Modern Model Selection Methods

Robert Stine, University of Pennsylvania

This workshop includes five lectures on statistical model selection. The lecture topics are listed below, with some elaboration following each. The problem of variable selection in regression is used throughout to unify the methods, though the ideas generalize to many other types of models.

(1) An overview of model selection

Automated data collection, data warehousing, and ever-faster computing combine to make it possible to fit many variations of complex models. The combination of many predictors, large samples, and powerful software make it easy to build such models that hold the potential to reveal hidden structure. The problem for the statistician is to decide whether what was found is meaningful.

Well-known criteria like Mallows' Cp, AIC, and BIC often produce very different solutions.
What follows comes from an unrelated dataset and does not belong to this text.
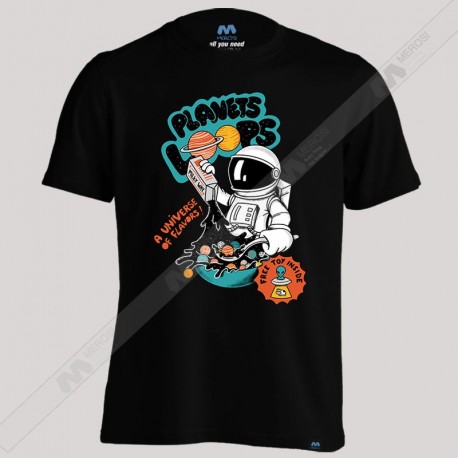 تیشرت Planets Cereal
Which is right? All three originated to solve different problems with simpler models, and one must ask whether they remain useful in judging models with so many parameters. Several (two or three) examples will be used to illustrate the use of these methods. This first lecture reviews these classical selection criteria and contrasts them with some recent innovations in model selection. New tools for model selection have originated from various perspectives, including risk inflation, minimax estimation, empirical Bayes, multiple hypothesis testing, and information theory. The trend has been to make the selection criteria adaptive to the problem at hand, and the following lectures explore some of these developments more carefully.

(2) Thresholding and multiple shrinkage

A classical problem in model selection is regression with just as many orthogonal predictors as observations, such as in the use of Fourier methods (trigonometric regression) in time series analysis. Recently, Donoho and Johnstone have shown how a simple thresholding procedure provides the means to decide which coefficients are important to retain for the final model. The solution has certain optimal properties from a minimax perspective.

One arrives at a similar variable selection method though multiple shrinkage in a Bayesian setting and through a decision-theoretic idea known as risk inflation. This lecture explores these dissimilar, but convergent, approaches to variable selection. Examples with the use of wavelet regression for nonlinear smoothing are given.

(3) Adaptive methods

Thresholding methods are appropriate when only few of the underlying parameters are large. In other problems, many of the coefficients are important to retain and thresholding misses important parts of the ``signal.'' Several recent variations on thresholding methods address this problem, and these originate in diverse areas, including empirical Bayes and multiple hypothesis testing. Time permitting, we will also discuss some more computational approaches to this problem, such as those based on cross-validation.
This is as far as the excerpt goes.